The Tax Court premised its ruling upon numerous sales by four different lens manufacturers to unrelated lens distributors. All comparable sales prices were reduced by $0.62, an adjustment that compensated for B L’s unique practice of paying the duty and freight charges on its lens purchases. After this adjustment, all these sales were at a price that exceeded the $7.50 transfer price paid by B L, with one exception. One manufacturer, the Amsco/Lombart division of the American Sterilization Company, transacted some sales (less than half) that, when adjusted, indicated a transfer price of less than $7.50, but the Tax Court gave these sales little weight because, unlike the uniform price charged by B L Ireland, they set different prices for standard and thin lenses. All other adjusted comparable sales, including Amsco/Lombart single price sales, indicated a transfer price above $7.50, with many exceeding $10.00.
The Tax Court’s conclusion that these sales were comparable was premised on findings of fact that B L functioned as a distributor for the lenses it purchased from B L Ireland, and that the soft contact lenses at issue were generally considered a fungible commodity. The Commissioner disputes the former finding. He contends that in addition to its distribution functions, B L “supplied the know-how necessary to manufacture the lenses, the Bausch Lomb and Soflens trademarks, the FDA approval required for sales on the United States market, the fruits of its ongoing research and development, and ready-made foreign and domestic markets.”

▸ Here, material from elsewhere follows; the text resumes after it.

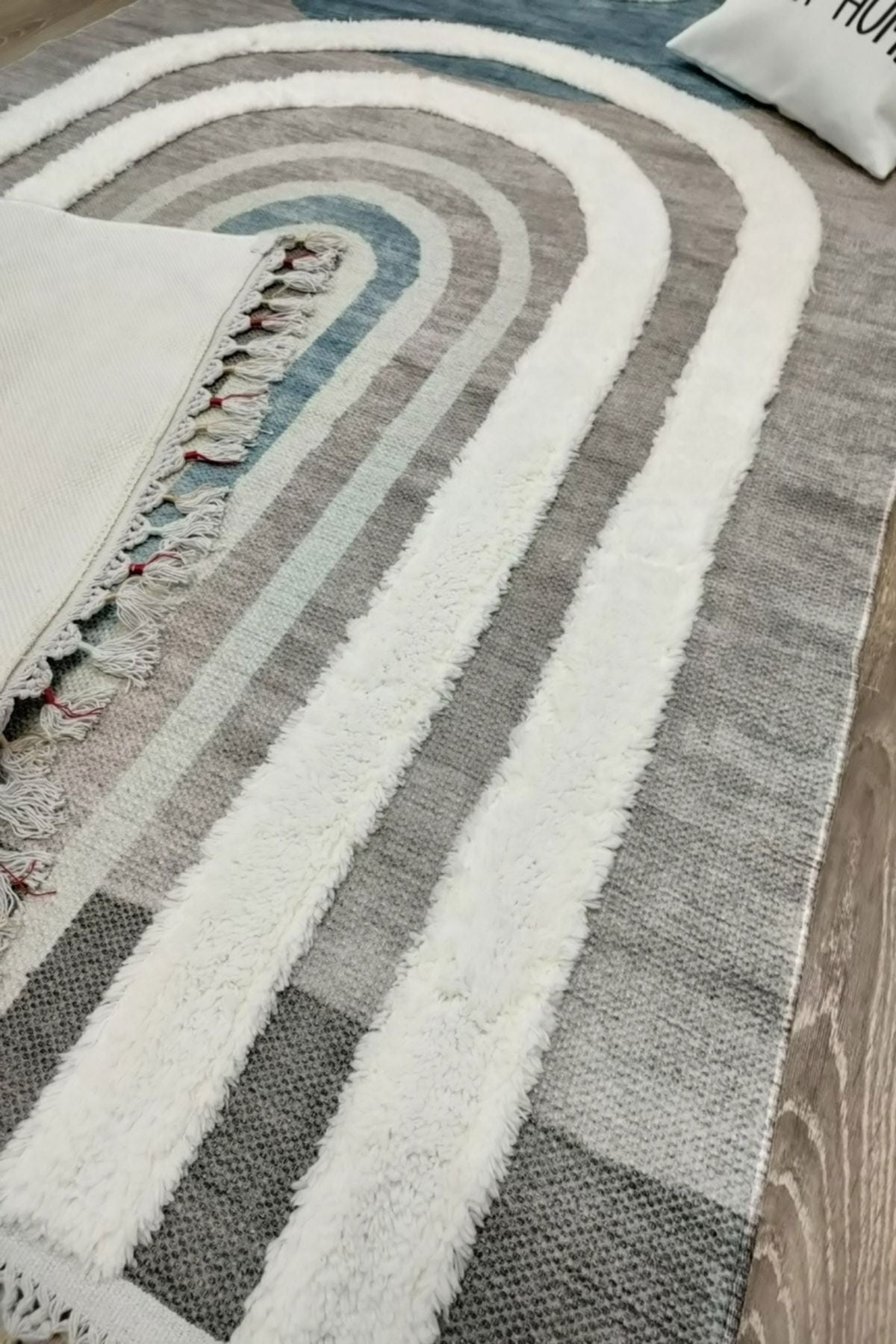 Tafting Kilim Serisi Üzeri Peluşlu Dokuma Taban Dekoratif Kilim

We find this argument unconvincing. As was implicit in our prior determination that the transfer price for lenses and royalty rate for intangibles should be accorded independent consideration, the provision of know-how, trademarks, FDA approval, and ongoing research and development is properly taken into account hereinafter concerning the royalty to be imputed to B L Ireland on an arms-length basis for the transfer of these intangibles. Further, the provision of ready-made markets is entirely consistent with the role of a distributor.
The position urged by the Commissioner would preclude comparability precisely because the relationship between B L and B L Ireland was different from that between independent buyers and sellers operating at arm’s length. This, however, will always be the case when transactions between commonly controlled entities are compared to transactions between independent entities.
the position urged by the Commissioner herein amounts to reading so broadly the requirement in Treas. Reg. § 1.482-2(e)(ii) that the “circumstances involved” incomparable uncontrolled sales and controlled sales under section 482 review be “identical,” or “nearly identical,” as to threaten effective nullification of the comparable uncontrolled price method. That method is postulated in the Commissioner’s regulations, however, as the method of choice for testing transfers of tangible property between commonly controlled entities. We, therefore, decline to adopt the suggested interpretation of section 1.482-2(e)(ii).